- _Materials provided_
----
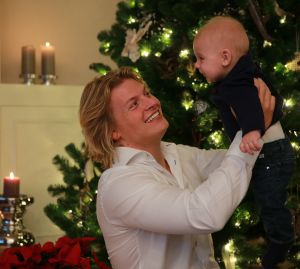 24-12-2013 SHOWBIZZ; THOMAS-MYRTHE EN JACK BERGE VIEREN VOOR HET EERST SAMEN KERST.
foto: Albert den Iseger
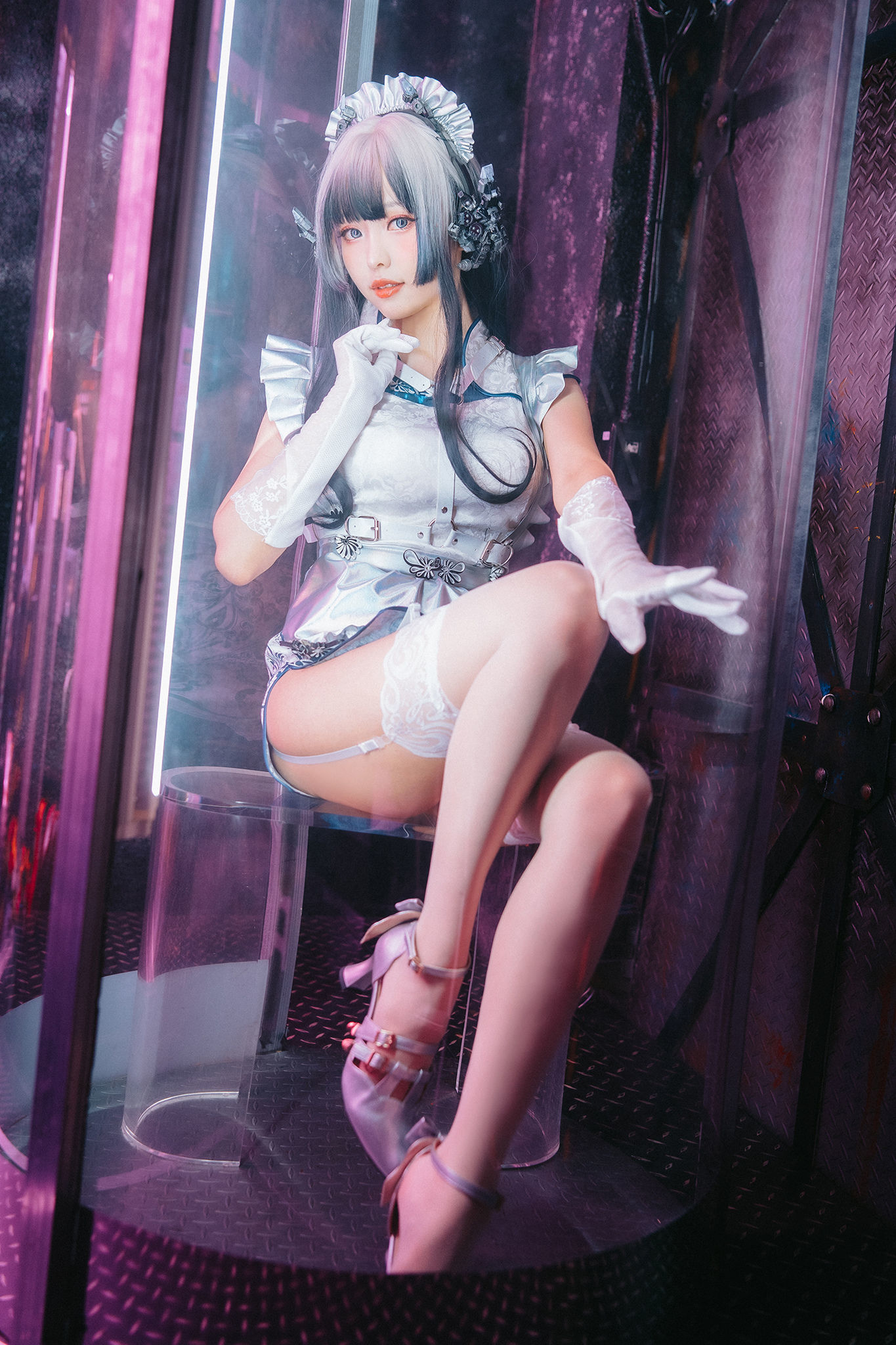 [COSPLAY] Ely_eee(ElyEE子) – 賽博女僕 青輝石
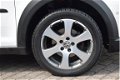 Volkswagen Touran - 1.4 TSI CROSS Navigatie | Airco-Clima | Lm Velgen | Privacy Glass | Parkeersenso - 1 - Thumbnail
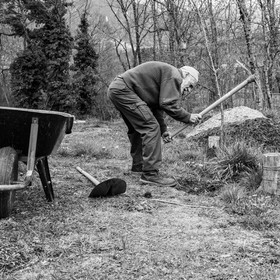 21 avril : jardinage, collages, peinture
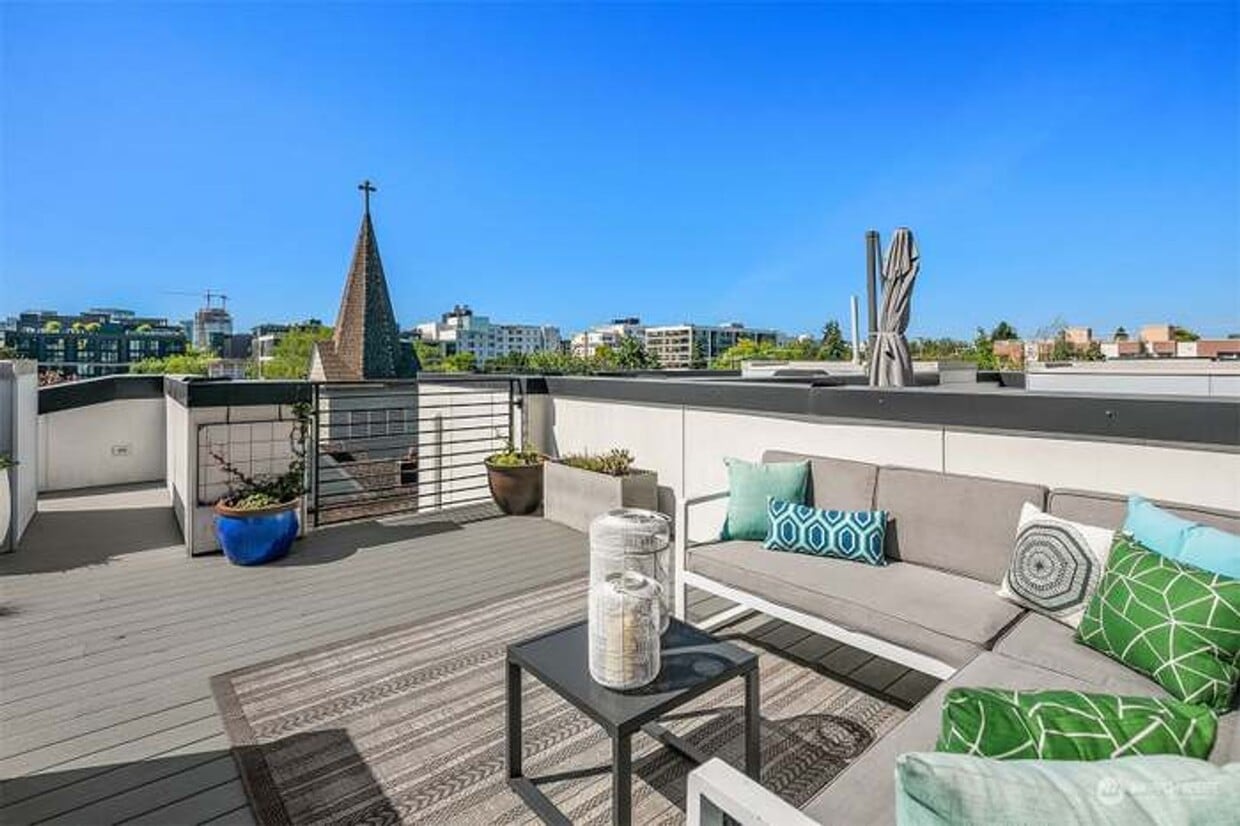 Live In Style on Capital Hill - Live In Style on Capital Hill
----
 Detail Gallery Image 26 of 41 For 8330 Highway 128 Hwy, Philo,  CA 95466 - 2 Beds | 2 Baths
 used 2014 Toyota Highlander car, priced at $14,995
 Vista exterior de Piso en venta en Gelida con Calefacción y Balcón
----
Of the entries above, transcribe exactly those lines that fall between the line containing "Detail Gallery Image" and the line containing "Vista exterior de", together with those two lines.

 Detail Gallery Image 26 of 41 For 8330 Highway 128 Hwy, Philo,  CA 95466 - 2 Beds | 2 Baths
 used 2014 Toyota Highlander car, priced at $14,995
 Vista exterior de Piso en venta en Gelida con Calefacción y Balcón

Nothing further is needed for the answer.